- WORK TO BE COMPLETED
Below is a listing. Write out exactly its lines between the one holding "A cream colored pleated skirt. Knee length." and the one holding "A single, square", inclusive.

- MATERIALS PROVIDED
----------------------------------------
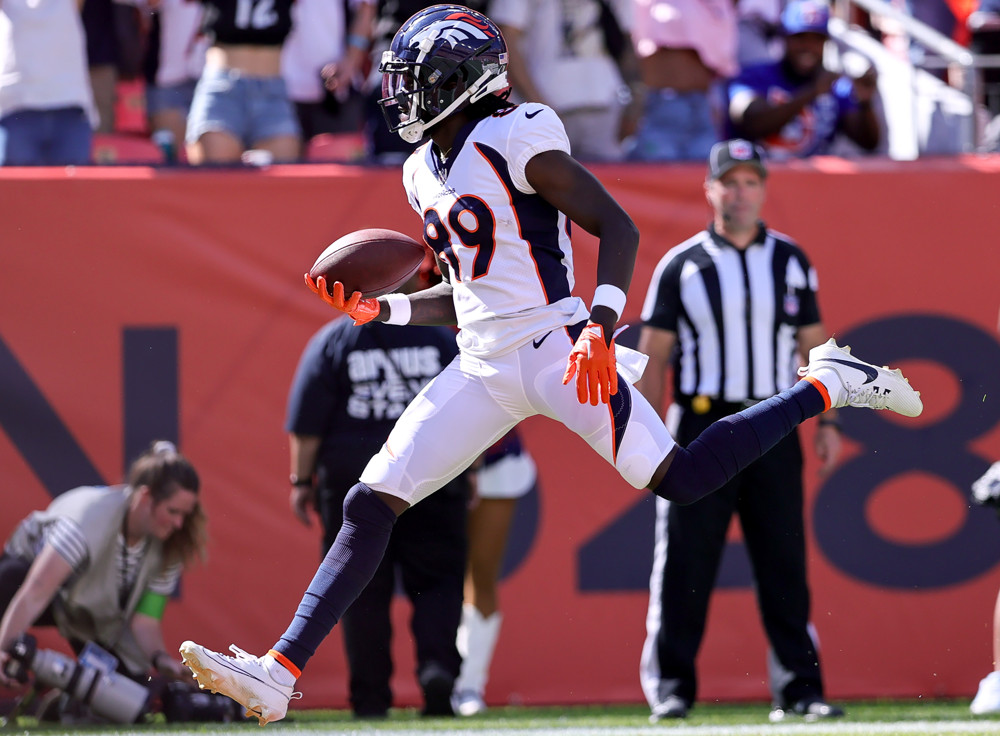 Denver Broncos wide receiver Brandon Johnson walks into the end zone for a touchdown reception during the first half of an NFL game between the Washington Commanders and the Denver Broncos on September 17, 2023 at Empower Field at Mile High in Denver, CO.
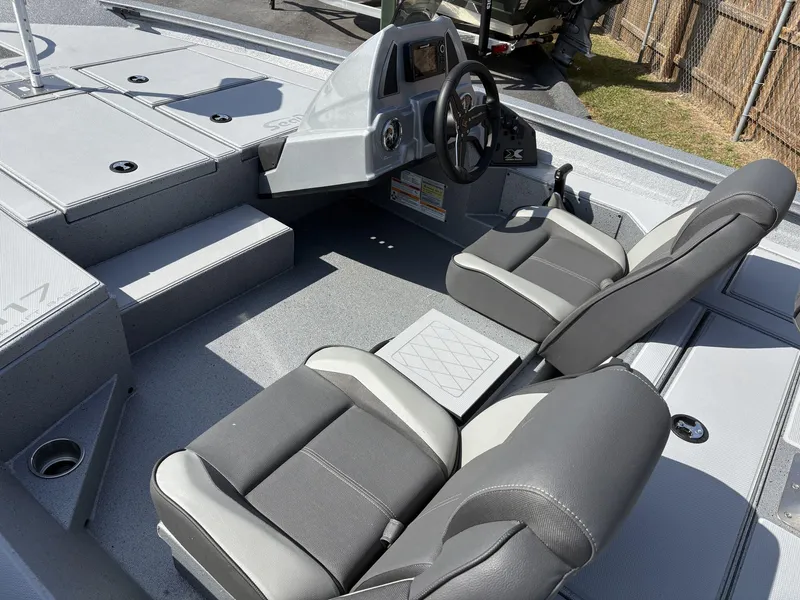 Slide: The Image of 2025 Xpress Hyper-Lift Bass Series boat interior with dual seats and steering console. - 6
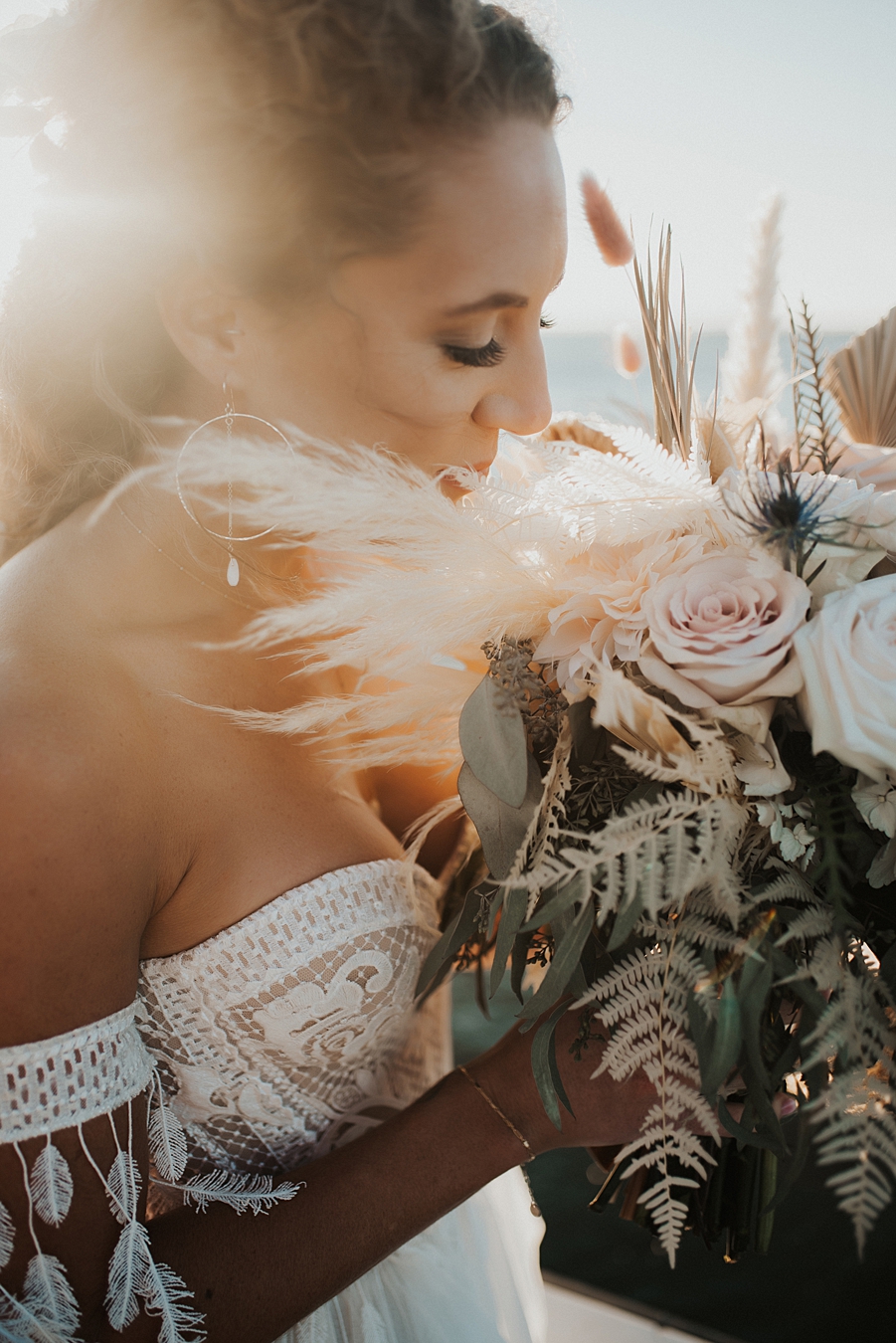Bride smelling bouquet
----------------------------------------
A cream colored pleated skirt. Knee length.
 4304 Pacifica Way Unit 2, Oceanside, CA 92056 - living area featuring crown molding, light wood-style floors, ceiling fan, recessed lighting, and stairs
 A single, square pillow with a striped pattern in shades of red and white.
----------------------------------------
- EXERCISE ANSWER
A cream colored pleated skirt. Knee length.
 4304 Pacifica Way Unit 2, Oceanside, CA 92056 - living area featuring crown molding, light wood-style floors, ceiling fan, recessed lighting, and stairs
 A single, square pillow with a striped pattern in shades of red and white.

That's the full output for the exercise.